Deputy Tom Binet said he was ‘inclined’ to agree with the committee that it should be a decision for the Assembly, and would be lodging a proposal ‘at the earliest opportunity’.

The Planning Committee – which rules on major and contentious bids for development – unanimously threw out the application to continue to create large headlands of hazardous waste south of the incinerator.

One member of the committee said the mound – which is visible from the south-east coastline as well as St Aubin – could become Jersey’s ‘Table Mountain’.

However, without any alternative site, contaminated waste will continue to be dumped there without planning permission.

Growing over two decades, a long 30m-high mound – made up of a series of lined pits of contaminated soil and ash finished off with inert building waste and topsoil – has been built on reclaimed land at La Collette.

Although, the government was given a permit in 1995 to create a headland north of the energy-from-waste plant, which was subsequently built and capped, the headland to the south has never received permission.

The Infrastructure, Housing and Environment Department now want to increase the height of this 30m mound, which has not had permission for more than 20 years, by another 11m.

If approved, it would have increased the headland’s height to 41m, which would be 12m below the height of the nearby energy-from-waste plant.

IHE not only applied to grow the existing eastern mound at La Collette but also create a new mound at the southern perimeter of the reclamation site.

The current headland contains 300,000m3 of contaminated soil and 40,000m3 of asbestos.

At yesterday’s Planning Committee hearing, a number of politicians said that the government was putting them in an ‘invidious position’, in that there was no other place for the Island’s hazardous waste to go.

St Clement Constable Marcus Troy said: ‘It is not our job to rubber-stamp unauthorised dumping over the last 20 years. There needs to be a waste masterplan. Our decision today needs to serve as an underline that we are not puppets.’
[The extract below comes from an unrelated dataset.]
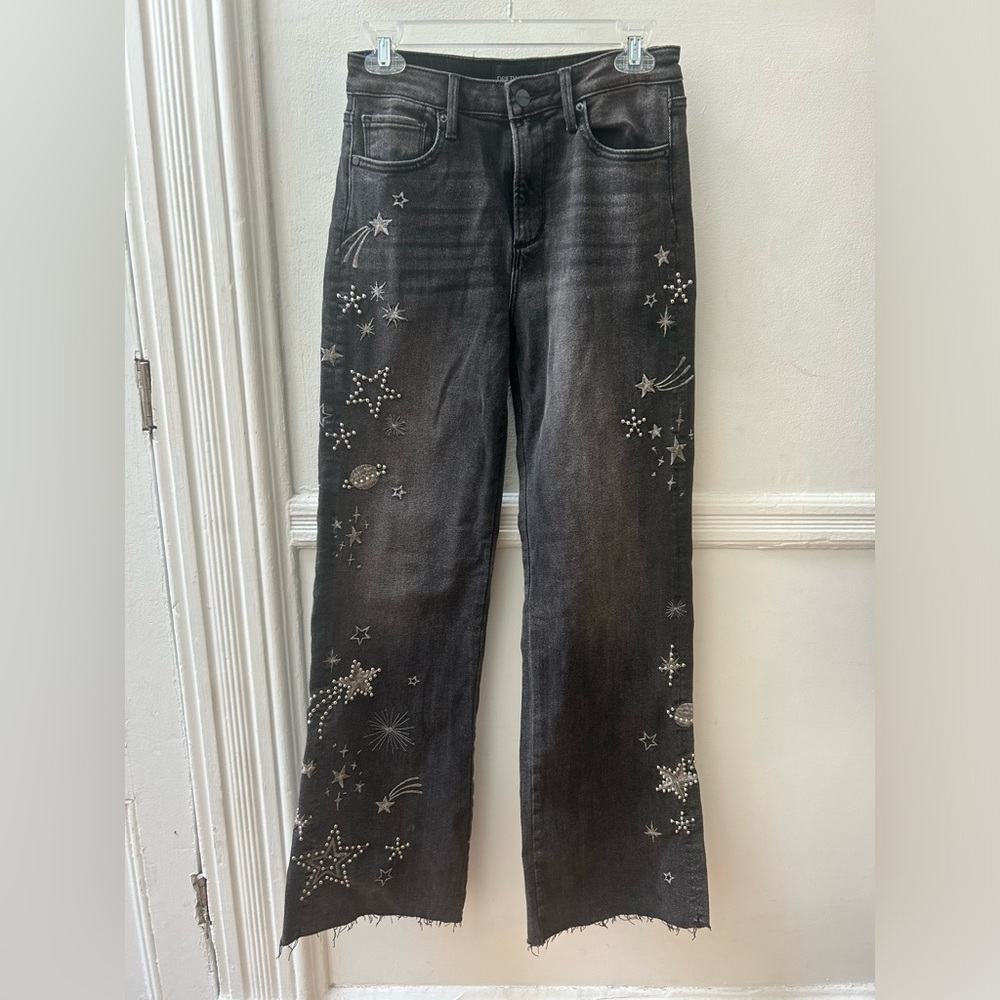 Free People embroidered wide leg Charlee jeans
He added: ‘We are being put in an impossible situation. We need to explore what opportunities there are to export before we build Table Mountain in our backyard.’

Deputy Steve Luce added: ‘I have to say that I am really disappointed that we have been put in this invidious position.

‘This is probably the largest physical application ever come before this committee and if it was a building, we would never consider something of this scale on this site.’

The politicians were not only unanimous in their rejection of the application but also their call for a government plan and a States Assembly debate to determine how waste should be dealt with.

Deputy Mary Le Hegarat said: ‘It is disappointing that we are where we are. As an island, we need to make plans that we deal with our own waste rather than export it.’

Constable Deidre Mezbourian added: ‘I object to the fact that the government has for 20 years been illegally dumping at La Collette and we are here now to approve that. Where is the masterplan? Where is the long-term thinking?’

In rejecting the application, the committee urged IHE to submit a retrospective application – to gain permission for what has already been built – as quickly as possible.

It also recommended that the current mound does not get any higher until that application has been determined.

Following the decision, Deputy Binet said he was ‘disappointed’.

But he added: ‘However, I fully appreciate that the decision requested of the Planning Committee was quite momentous and it may have been too much to ask of them. They have indicated that it should really be a decision for the States Assembly, and I’m inclined to agree.

‘Accordingly, I’m looking to lodge a proposition for debate at the earliest opportunity and to arrange a briefing for States Members beforehand, so that they can be in possession of all the facts and implications. In the meantime, IHE is also looking to lodge an appeal to have the decision reconsidered.’

Deputy Binet said: ‘This is the only site in the Island permitted for such waste, and curtailing its use would bring much of the Island’s construction industry to a halt, in very short order.’